Thursday, March 13, 2008

Dreams of Dill

Every year I plant dill in my garden. It is a great plant to have around. Fresh dill adds extra flavor to so many dishes - creamy dressings, salads, sandwiches, veggie wraps, and so many others. It grows to about 2 feet tall, and it's feathery leaves make a lovely contrast to other garden plants.

Or at least that is how I always imagine it when I plant it. Some years I start from seed, others from a nursery transplant. My hope is that one year I will have a dill plant that actually survives.

Snails love dill. (Actually, the snails around here are very voracious, and will eat just about anything, especially when the plants are small.) So every year I plant some dill plants, and try various things to protect them from the snails. I start with the organic solutions, since I prefer to grow an organic garden.

1. Sprinkle a ring of crushed eggshells around the plant. The snails are not supposed to cross it, since is sharp and rough. Unfortunately, someone forgot to tell the snails where I live. I planted my dill plant, circled it with eggshells, and woke up the next morning to a decimated plant.

2. Diatomaceous earth. Supposedly works the same way as the eggshells. I guess it does, because once again I woke up to decimated dill plants.

3. Put a copper strip around your plant. (The copper is supposed to create a small electrical charge that the snails don't like, and they will avoid crossing the copper strip.) These snails apparently crawled down a branch of a nearby plant, and enjoyed a lovely meal of dill. Then they finished off the leaves on the nearby plant!

4. Try the copper strip again, with no nearby plants. Somehow, those snails still found their way to the dill. Maybe I have a hybridized kind of snail that has learned how to hop or fly.

5. Sink containers half full of beer all around the garden. This is supposed to attract the snails, and they will leave your plants alone. Someone forgot to tell my snails that they like beer better than dill.

6. Go to extremes, and use some kind of commercialized snail bait. This might have worked better, but I couldn't bring myself to add those chemicals directly to my garden, and I just put it on the walks, patios, and nearby flowerbeds. I think I got rid of as many snails just picking them by hand and disposing of them as the snail bait did.

7. Give up, and plant a pot of dill on my kitchen counter. Come home from work to find my crazy cat chowing down on the dill plant.
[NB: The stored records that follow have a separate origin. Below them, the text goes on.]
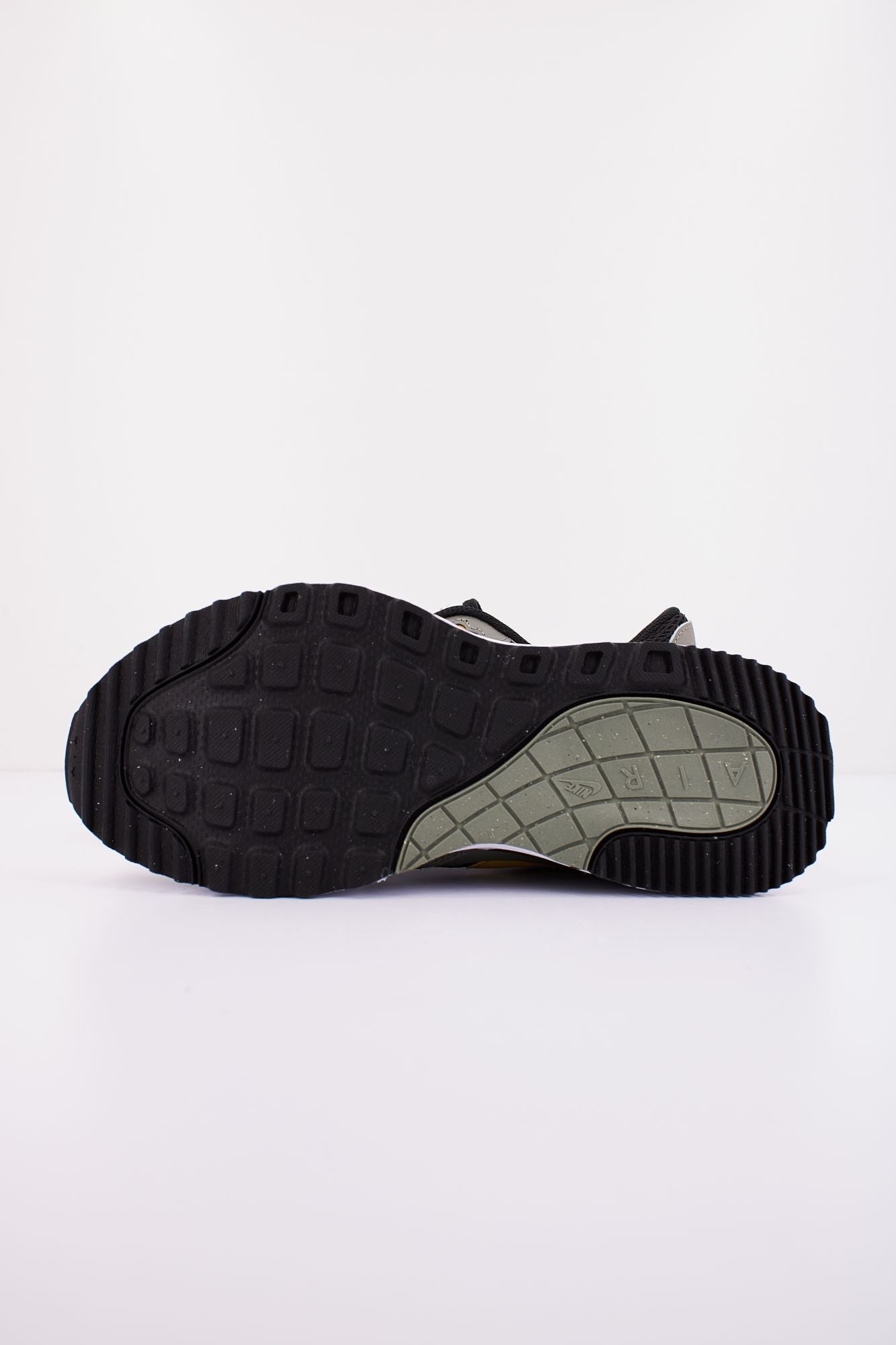 NIKE MAX SYSTM en color NEGRO (4)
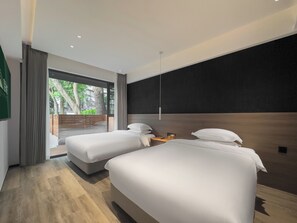 Business Twin Room, 2 Double Beds, Private Bathroom, Hill View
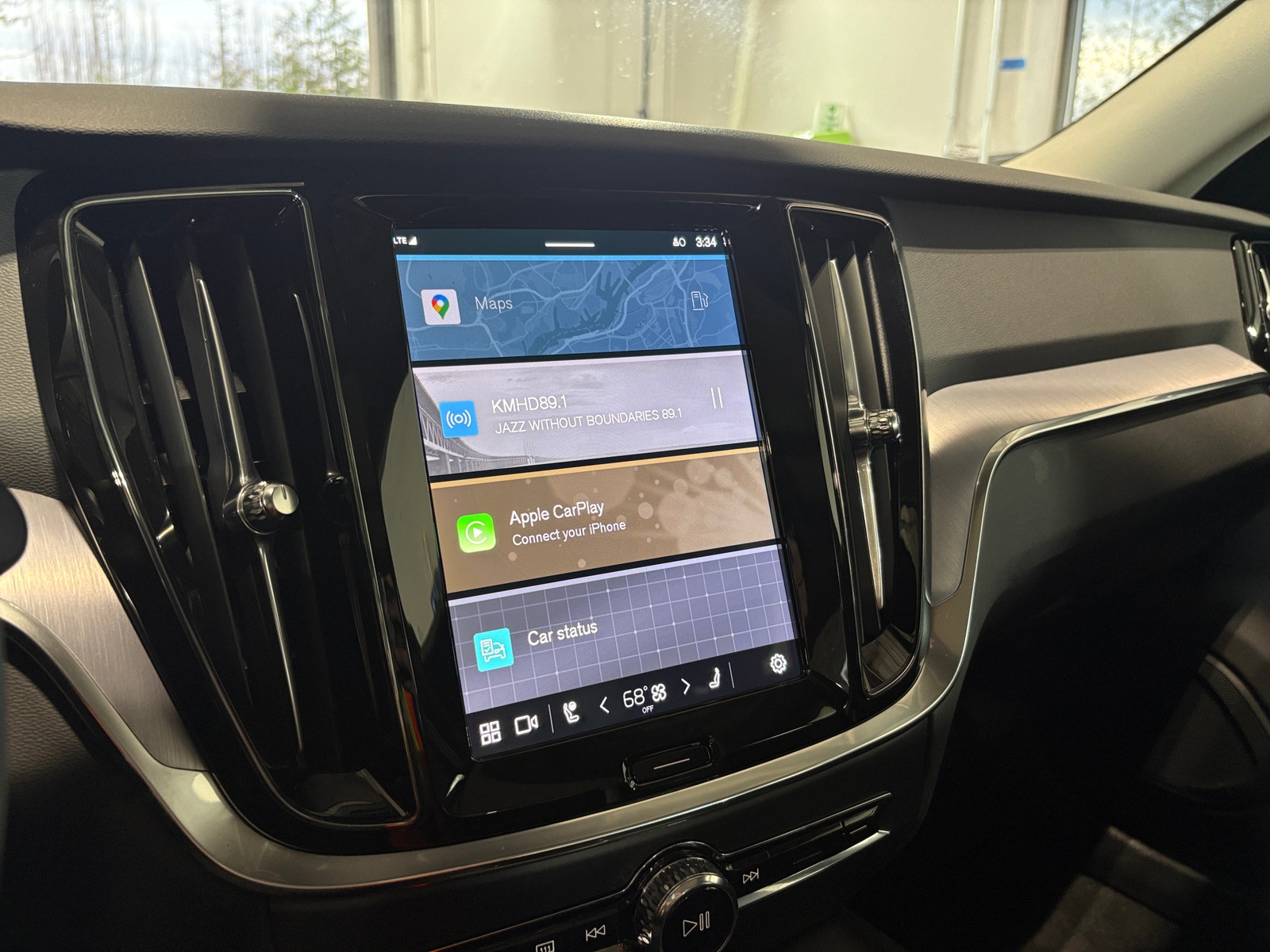 Thumbnail: 2025 Volvo S60 - 3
It looks like my dream of dill plants in my garden will continue to be just that, a dream.

2 comments:

Anonymous said...

Hi Jan,
It's fun reading about your garden adventures. Try using hair clippings to deter the snails -- it really works for the slugs in WA when I used it. Just visit your neighborhood barber and get a bag of it and apply a good layer of hair around the plants. Hope that helps. We have snails here in Utah too and I"m going to try to garden here this year! Wish me luck!

Sally (sundaesarah)

jan123 said...

Sally, it's great to hear from you! I will have to try the hair clippings. Let me know how your garden grows, and how everything else is going.